For a while he was: he smelled the skin of the dog, the hair of the dog: he felt the dog’s warmth. But patiently he waited for all this to pass, and tried to match their breathing.
And near morning, waking with goose bumps raised along his arms, he pulled the covers down around both of them.
•
Then his first golden egg, a swath of empty desert would be converted to subdivisions for retirees, with golf courses and Olympic-size swimming pools and luxury spas and a phalanx of nurses to monitor cardiac rhythms and tend to recovering hip and knee surgeries. Down the road, thanks to economies of scale and various state and federal subsidies, it might become a great citadel—light rail systems, a solar-powered mall. But in California nothing ambitious came without an array of planning difficulties and lawsuits from the liberal fringe, and soon enough there were cases in district court; he excused himself from conference calls with his public-relations consultants, which droned on and ate into his time on other undertakings.
The project stalled.
Meanwhile he got regular postcards from his mother, who claimed to have met “wonderful people” on the cruise and decided to fly from Yucatan to Guaymas with a claims adjuster from Toledo.
Dear T.
, read a postcard featuring a sombrero,
The weather is beautiful hear
.
You would not recognize me with my brown sun tan I look just like a native!! My espanol is muy better too.
The court’s opinion could easily go against his enterprise— he did not watch the details but this much was quite clear— so it was imperative to develop fall-back strategies. He must multiply his options, not wait for the court to decide his future—for when had he ever made of institutions his own enemy? They were his bulwarks, his cathedrals. It was for
him only to move on steadily on the assumption that the case and the development were already lost. Plainly nothing could be forfeited through such anticipation, everything gained. He instigated an aggressive search for high-margin properties and stocks and while immersed in the search let other matters gratefully fall away: his mother weeping on the toilet seat abjectly as she stroked the porcelain tresses of the shepherdess, his father who took no pains to hide his lack of conscience.

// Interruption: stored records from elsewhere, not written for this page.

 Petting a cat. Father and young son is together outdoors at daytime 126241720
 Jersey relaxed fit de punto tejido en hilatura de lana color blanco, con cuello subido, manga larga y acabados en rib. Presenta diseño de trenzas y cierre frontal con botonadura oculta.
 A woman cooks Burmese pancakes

Setting himself to research he also ignored small matters at the office, failing to notice when Julie the paralegal, absent several days, returned from her sick leave with red-rimmed eyes and a white mark where her engagement ring had been; failing to return a call on his answering machine until the caller called again—his mother’s next-door neighbor at the house she had vacated in Darien. A squirrel had become trapped inside and gnawed on the wooden window grilles until it died of starvation.

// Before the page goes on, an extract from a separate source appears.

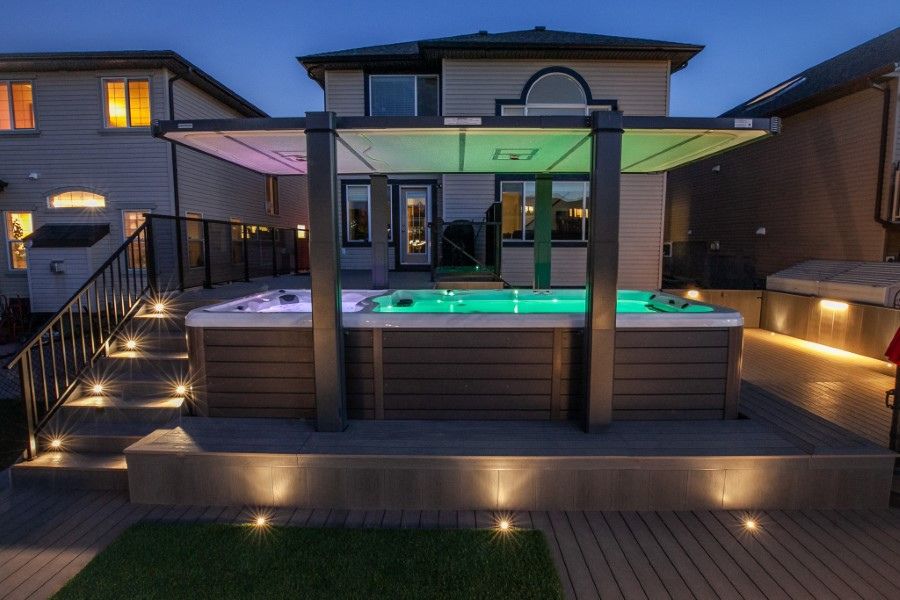 a covered hot tub with multi-colored lights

When his father left a stiff message on the machine, stating that he had completed a mandatory period of residency in Reno, Nevada, and subsequently secured a divorce, he erased the message impatiently.
Some mornings he woke with a nervous premonition of imminence: an event lay in wait. On the day his case was finally decided he had been up half the night researching a stock and even considered cocaine, increasingly popular with the upwardly mobile and visible everywhere. But he was not fully tempted. And then he heard. He had won. The project could move ahead.